This week in class I tried to take on the topic of complexity, as in "complex systems theory."  Complexity is a very important topic in human ecology, and biosocial science more generally.  It's also a topic that worries me a bit. It worries for two reasons. First, it seems all too easy for people to fall in with the cult of complexity and I believe that the weight of evidence shows very clearly that people are not at their best when they are associated with cults. If a perspective on science provides novel (especially testable!) insights, then I'm all for it. When it takes on the doctrinaire elements of a religion, then I'm less convinced of its value.  The second reason complexity worries me is clearly related to the first. I am continually frustrated by anthropologists who, when confronted with complexity, throw their hands up and say it's too complex to make predictions, why bother to do science or understand the principles underlying the system?  You'd need to be trained as a theoretical physicist to understand the theory and people who think they understand something are just deluding themselves (or at least the rest of us) with a masculinist, hegemonic fantasy anyway. Let's just tell a narrative (preferably peppered with some mind-numbing post-structuralist social theory). Better, perhaps, that we describe history. I think that this view is misguided to say the least (though I agree that history is fundamentally important).

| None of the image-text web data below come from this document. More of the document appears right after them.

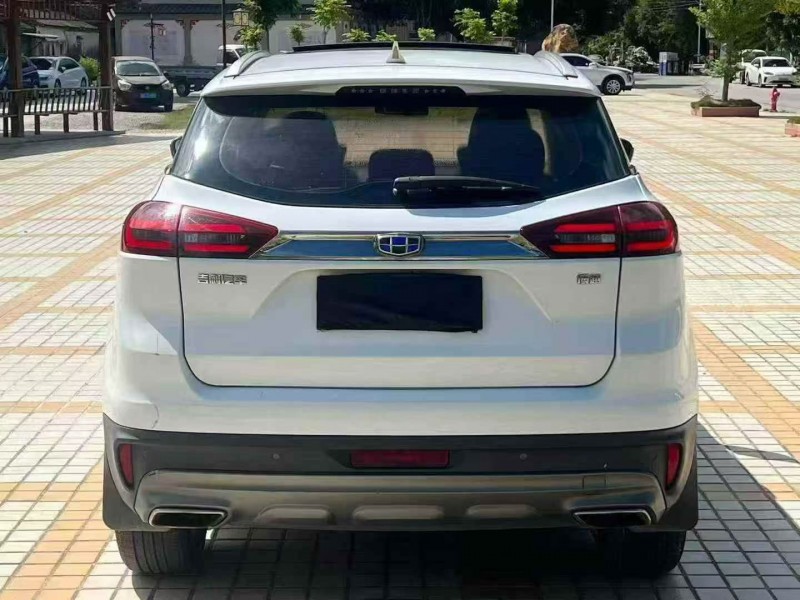 深圳19年吉利博越9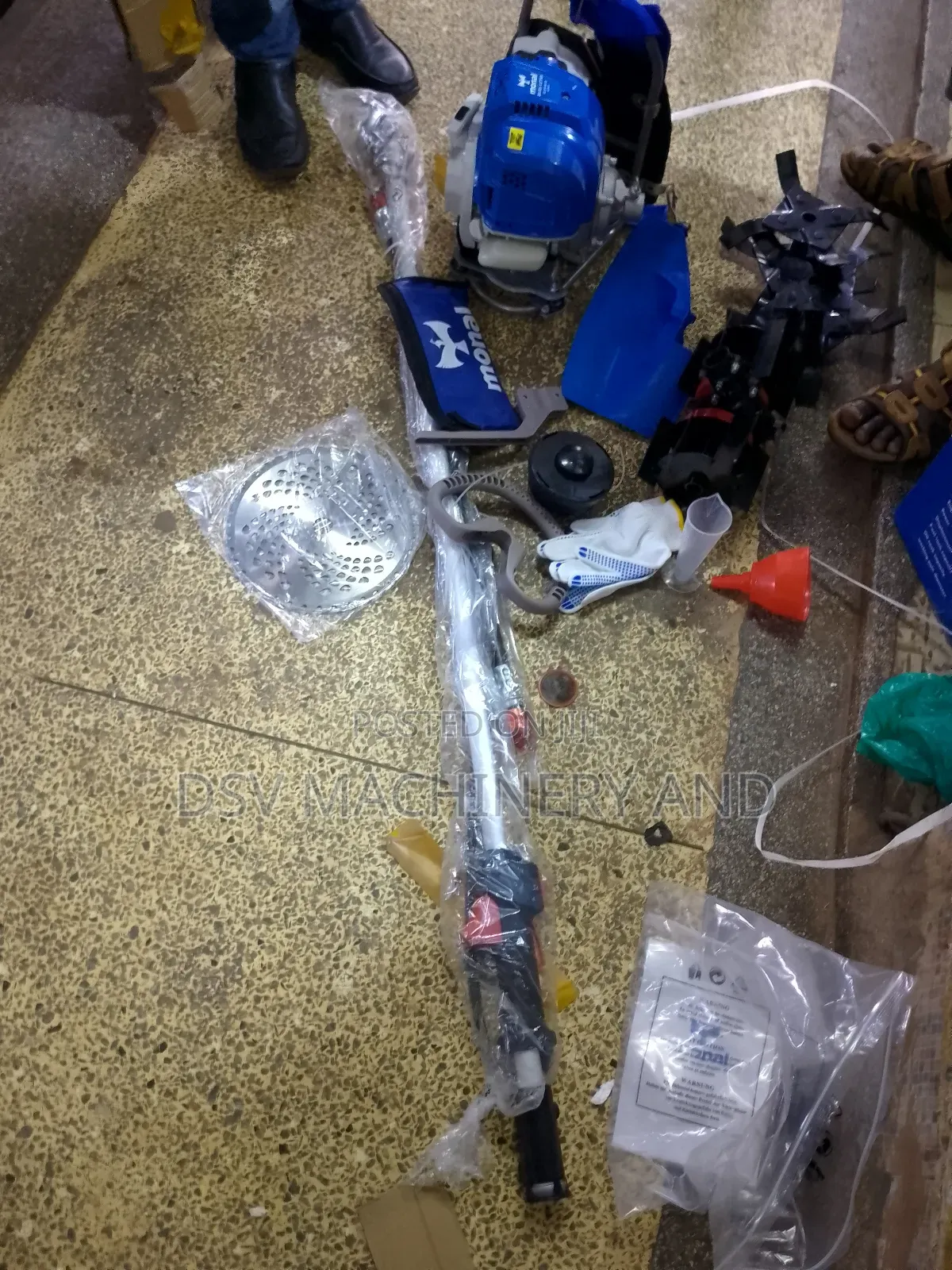 Four Stroke Weeding Machine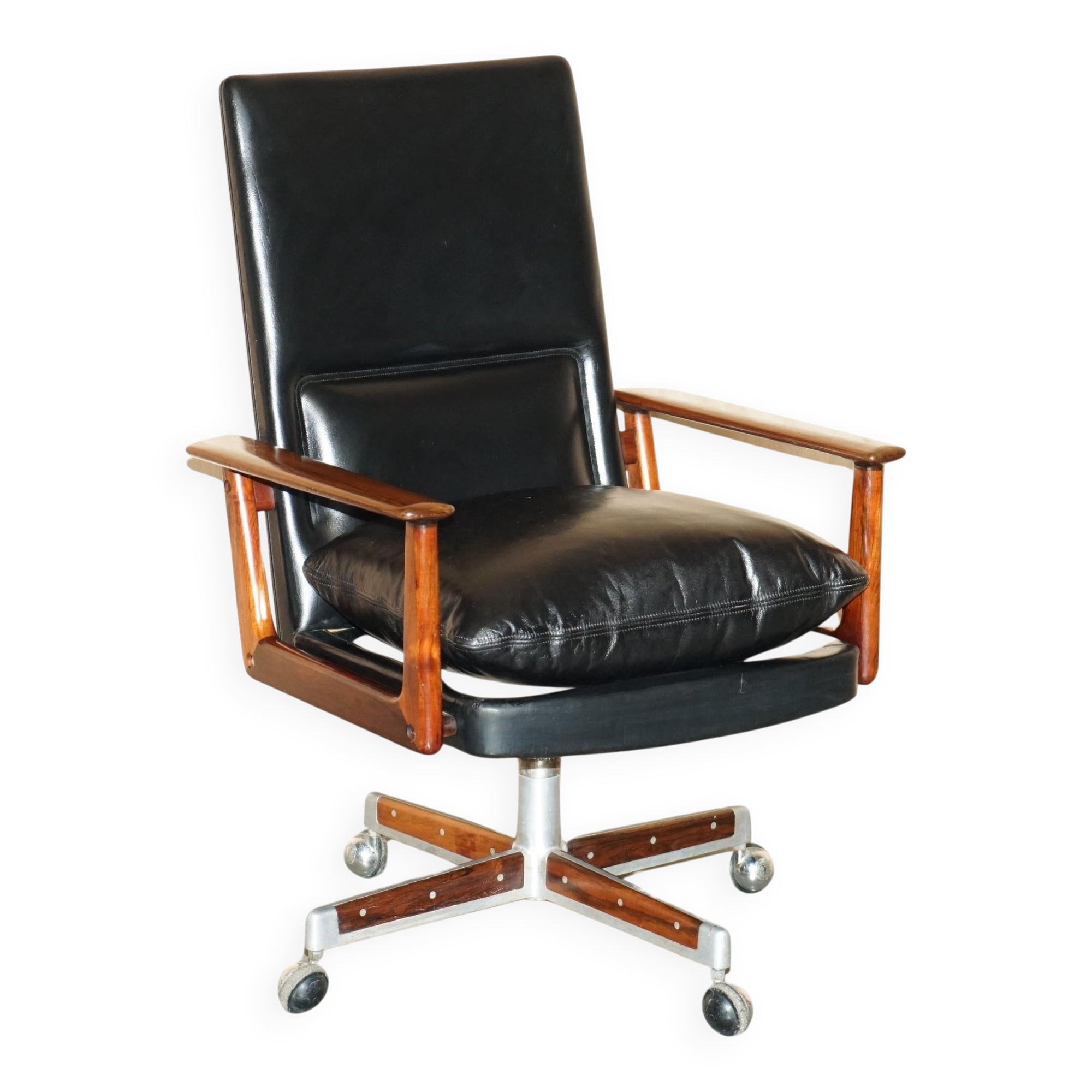 Executive office chair model 419 Arne Vodder for Sibast in hardwood and leather.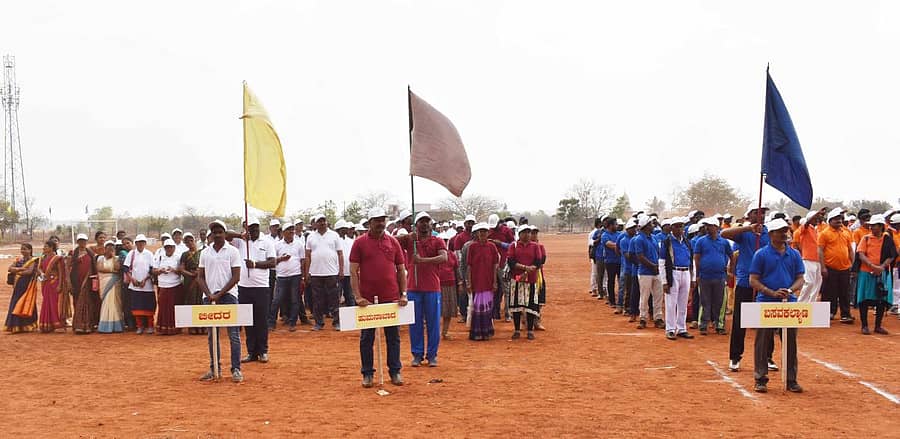 ಬೀದರ್ ತಾಲ್ಲೂಕಿನ ಕಮಠಾಣ ಬಳಿ ಇರುವ ಪಶು ವೈದ್ಯಕೀಯ ಮಹಾವಿದ್ಯಾಲಯದ ಕ್ರೀಡಾಂಗಣದಲ್ಲಿ ರಾಜ್ಯ ಸರ್ಕಾರಿ ನೌಕರರ ಜಿಲ್ಲಾಮಟ್ಟದ ಕ್ರೀಡಾಕೂಟವನ್ನು ಜಿಲ್ಲಾಧಿಕಾರಿ ಎಚ್.ಆರ್. ಮಹಾದೇವ ಬುಧವಾರ ಬಲೂನ್ ಹಾರಿ ಬಿಡುವ ಮೂಲಕ ಉದ್ಘಾಟಿಸಿದರು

There are three very influential reviews, all written for the Annual Review of Anthropology (when Bill Durham was editor, might I add), by eminent ecological anthropologists that have fed this perspective. Ian Scoones, Steve Lansing, and William Baleé each wrote a review between 1999 and 2006 more or less on the topic of complexity in human ecology. Scoones (1999) reviewed the 'New Ecology' and its implications for the social science. Lansing (2003) introduced complexity proper , and Baleé (2006) wrote about 'Historical Ecology.' I think its probably fair to say that each of these authors has a different sensibility regarding the role of science in anthropology.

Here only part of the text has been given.